WE’RE all unique aren’t we? This is what I keep reading on Facebook anyway. “You’re unique…just like everyone else.” Of course, I’ve been saying for years that not only are we not unique, we’re so alike that it’s actually scary.
Have you ever met with someone for an ‘auld natter’ and at some point in the chat one of you will say “ah here…me and you are like two peas in a pod.” You’ll talk about something you do and then the other person will say that they’re always doing that too.
The thing is, we’re all a lot busier than we used to be. More of us are working now, with kids and partners to look after and we don’t have the time to sit and have those long chats that we might have done in our youth. It’s only when you get the chance to have these tête-à-tête’s that you will remember just how unique you actually aren’t.
I picked up a cool retro T-shirt in Penneys the other week except it wasn’t cool at all because every Tom, Dick and Harry will be wearing it around John Roberts Square within the next fortnight.
Let me tell you about some of the things that I do and have done – just notions from the top of my head – and you can shout “SNAP” in your head (or out loud if you want – that would be pretty unique in fairness).
When I was a child, I somehow managed to think that rape and stab meant the same thing. Seriously. I was going around telling people that I’d rape them if they didn’t give back my sticker album. I can’t remember exactly when I learned about the mystery of child birth but I know for a fact that through most of primary school I went from thinking that babies came out of a belly button or a bum. Primary School boys don’t really haven’t a clue about vaginas or how many holes women actually have down there. To be honest, this probably remained a mystery right through secondary school as well.
Also, as a child, I believed that if you swallowed anything that wasn’t food, you’d more than likely die. I remember swallowing a bit of plastic and instantly coming out in a sweat convinced I had inadvertently killed myself. I sat in my room, in nervous silence, waiting for death to collect me, but he never arrived (although I still keep one eye open for him as I walk the streets as a 35-year old. Most of you probably shared my belief that swallowing chewing gum or swimming after a hape of ham sandwiches would also more than likely result in your death.
As a result of TV advertisements, the most dangerous place on Earth, as far as 12 year old me was concerned, was one of those Electricity gardens (I don’t know what they’re actually called). Remember the ad where the little idiot runs in to get his ball…I used to be taunted as a kid cause he shared the same name as me…do you remember it? Darren…DARREN! Darren’s dead.
The belief in the tooth fairy was real and I remember trying to con her one year after I found half a chewed peanut that looked remarkably like a tooth. Surprisingly, it didn’t work. When the Ice Cream man came down our street we’d all run out in our socks to get one of those screwballs (Ice cream with a bubble gum at the bottom)…running around in your socks was extremely common in the 80s and 90s.

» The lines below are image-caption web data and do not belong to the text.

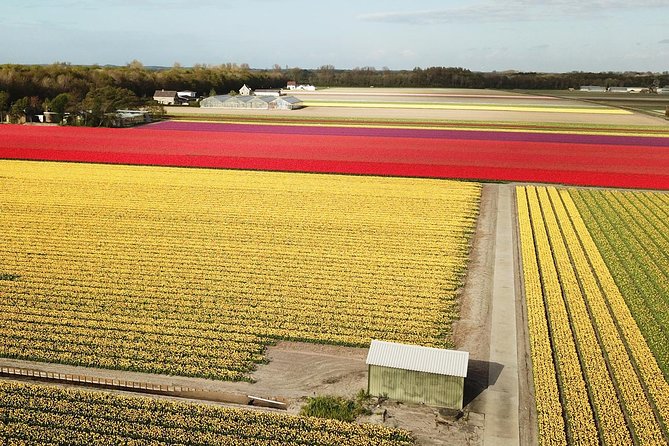 Tulip Fields near Keukenhof - Self-Drive Audio Tour for 2 People - Who will enjoy this tour most?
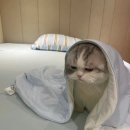 우쭈쭈 이미지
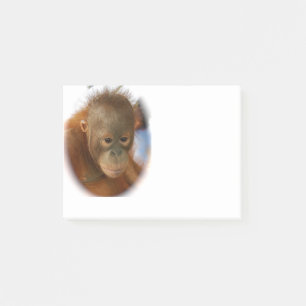Baby Orangutan Post-it Notes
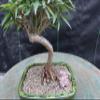Podocarpus Bonsai Tree view 3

Jump forward to today and we’ll see how ‘unique’ we actually are. I have become infinitely more irritable than I ever thought possible since I’ve been a member of Facebook. Consequently, I have probably unfollowed about 85% of my friends list on the book. Now, before I go on, let me say that if you’re a Facebook friend of mine, I definitely don’t do this with you (promise). Also, I’m very much aware of how much of a narky fecker I’m about to look here but I bet you that you’re going to be just as guilty!
When I see someone checking in to the airport I usually unfollow them – for the duration of their holiday anyway – simply because I’m not sure I can cope with the pictures of the beach knees, cocktails and beautiful sunsets. If I see ya sharing something like “Facebook will be charging from next week…it says so on Channel 13 news”, then there’s a good chance that I will never see any of your future Facebook updates again. I recently saw a list of all the people that I have recently unfollowed and I felt quite bad, so I started to follow them again, only to quickly be reminded of why I unfollowed them in the first place.
When I get a phone call in a public place, that I have no intention of answering, I’ll sometimes look around me to make sure that the person is not watching me from across John Robert Square and then gets to witness me seeing their name and choosing not to answer. As narky and as unsociable as I am making myself look, I’ll actually go out of my way to help someone and not have them think that I’m rude or stuck up.
Do you ever see someone you know on the street but they don’t see you, and you decide not to stop and say hello because you’re really just not in the mood for a chat? No, me neither, I’d never be that rude. Do you throw a napkin over the dinner that you’re embarrassed about not finishing? Do you laugh at the naivety of “private numbers” thinking that you’re ever going to answer the phone to them? Do you ever feel tempted to leave that thing at the bottom of the trolley that you know the check-out person didn’t see?
Are you currently thinking that I’m, frankly, a horrible person? It’s okay, because you are too.